DIRECTIONS:
Copying starts at the line containing "Beresheet is loaded" and stops after the last line of the records; each line is repeated exactly, and pictures are skipped.

RECORDS TO PROCESS:
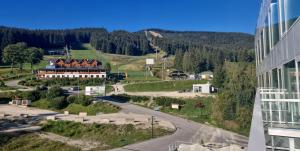 widok z boku budynku z góry w obiekcie Biala Perla Sunny Mountain 602 w mieście Sienna +13 zdjęć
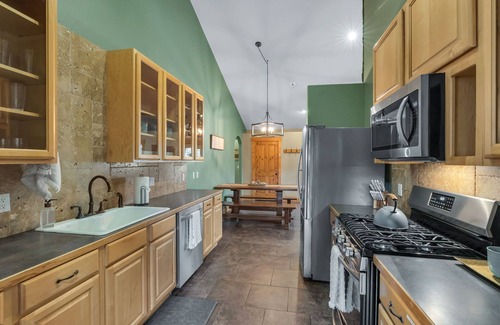 Williams House | HOT TUB - WALK TO FOOD, POLAR EXPRESS, DOWNTOWN. CLOSE TO GRAND CANYON! DOGS OK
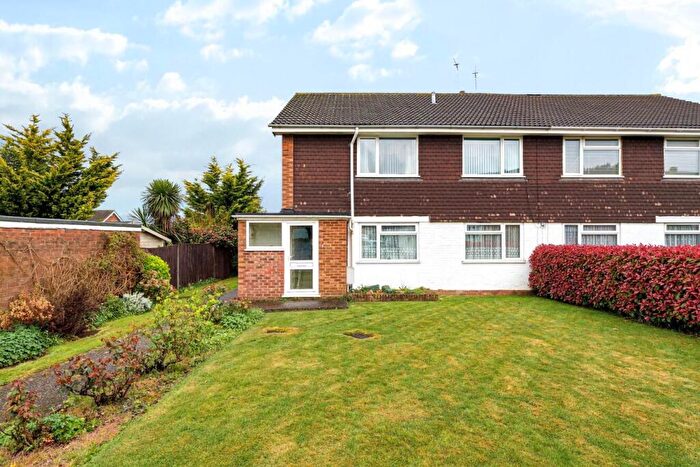 2 Bedroom Maisonette For Sale In Penshurst Walk, Bromley, Kent, BR2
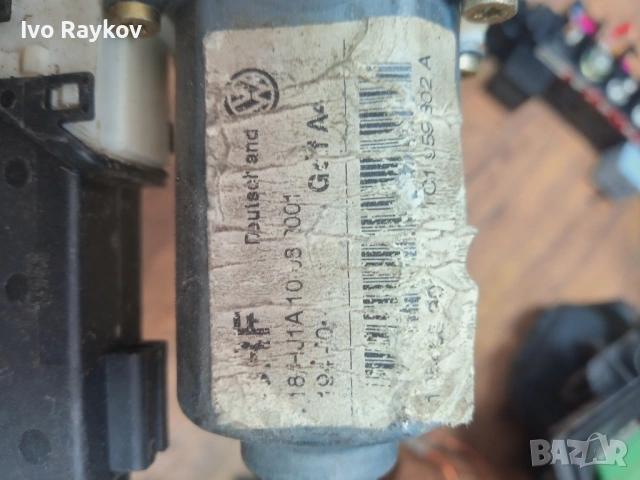 Машинка ел стъкло предна дясна 1C1959802A за VW Golf IV, снимка 4 - Части - 54009417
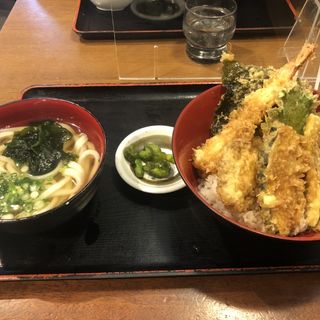 天丼定食(讃岐麺房 すずめ )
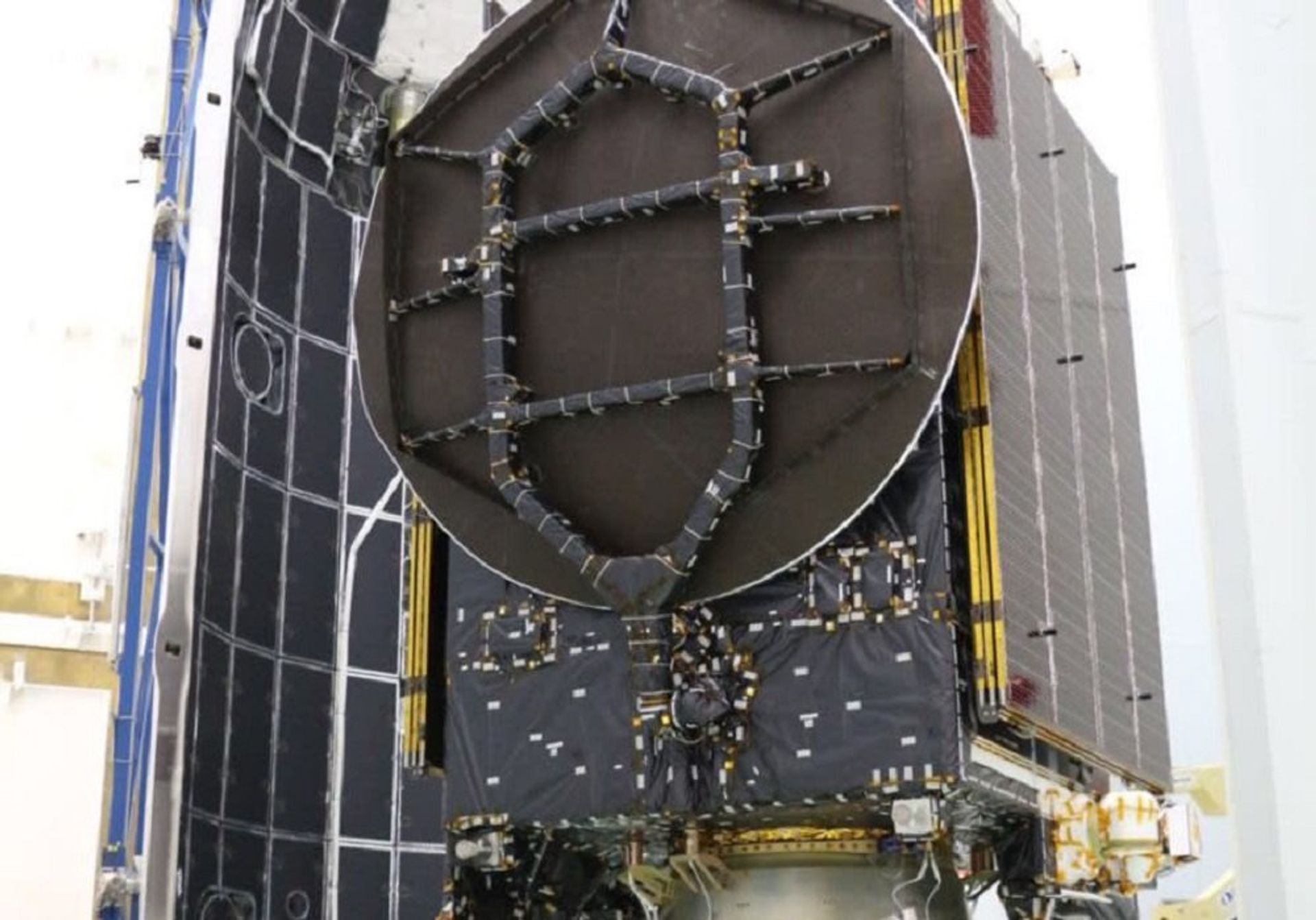 Beresheet is loaded onto its launcher, Falcon-9 before its launch into space Thursday night - Sputnik International, 1920, 27.10.2021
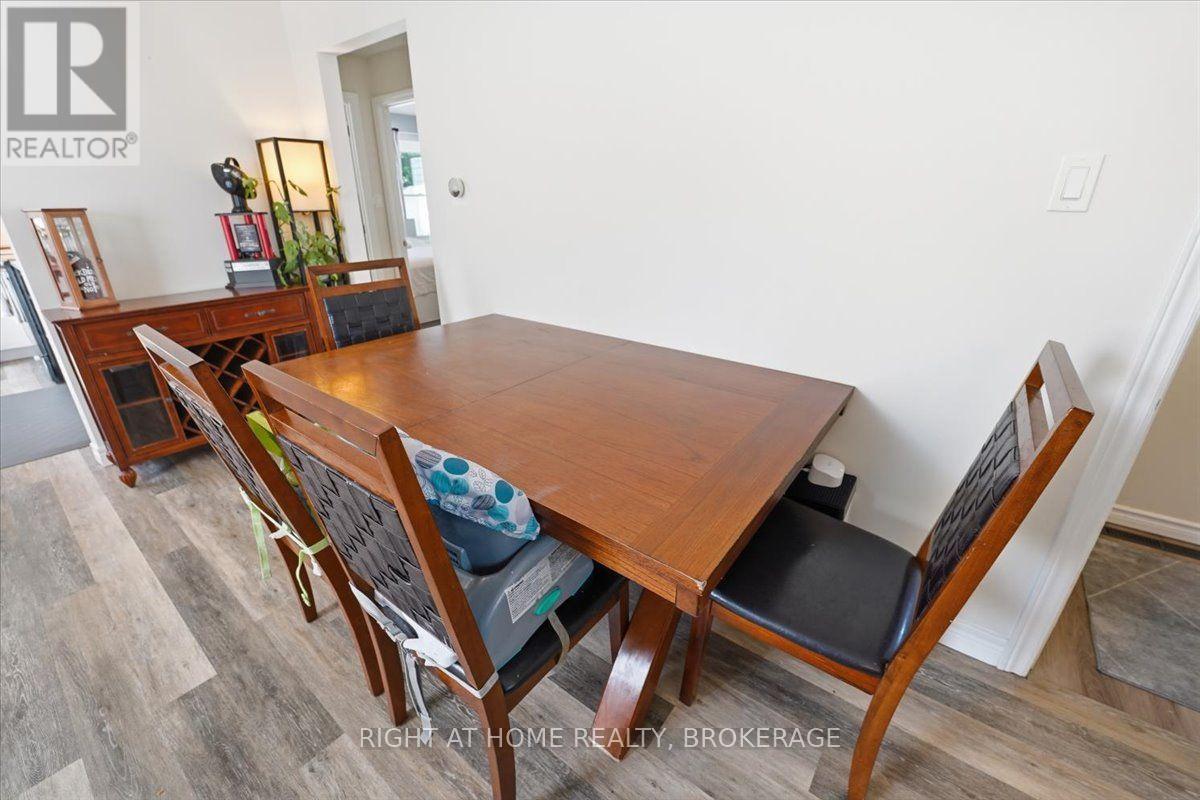 63 PLYMOUTH AVENUE - 16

EXPECTED ANSWER:
 Beresheet is loaded onto its launcher, Falcon-9 before its launch into space Thursday night - Sputnik International, 1920, 27.10.2021
 63 PLYMOUTH AVENUE - 16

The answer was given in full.